I am trying to understand the presence of complex hopping amplitudes in Hubbard-like lattice models. The hopping term features the so called "Peierls phase": $$ - t\sum_{j=1}^L \left( c_{j+1}^\dagger c_{j} e^{+i\frac{\Phi}{L}} + c_{j}^\dagger c_{j+1}e^{-i\frac{\Phi}{L}} \right) $$ where $L$ is the number of lattice sites and periodic boundary conditions are assumed, meaning that $j=L+1 \equiv 1$. Hence, we are dealing with a ring lattice.

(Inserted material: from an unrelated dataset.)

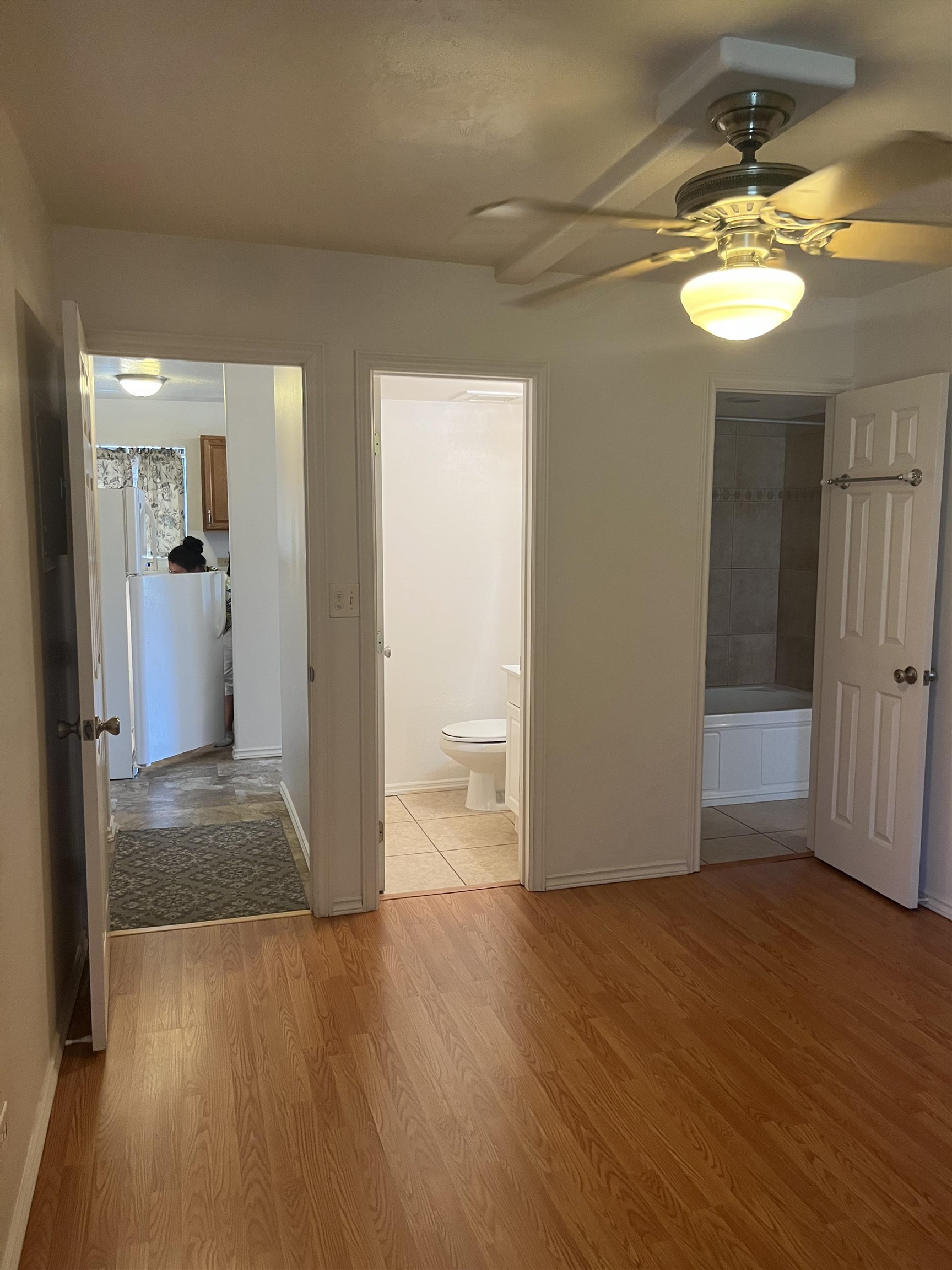 Mount Thomas condo # 204, Wailuku, Hawaii - photo 21 of 48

In Literature, I have read that this hopping terms is what you get if the ring is rotated with angular frequency $\Omega$ , upon transforming from the laboratory frame into the rotating frame. In the latter frame, there is Coriolis force, which is analogous to having a magnetic flux $\Phi=2 \pi m R^2\Omega/\hbar$ through the ring.
I would like to understand why a rotation is formally equivalent to the presence of a magnetic flux. More specifically: if this magnetic flux $\Phi$ is constant in time, the associated electric field $\vec{E}=-\partial\vec{A}/\partial t$ should be zero, and so there shouldn't be any driving force acting tangentially.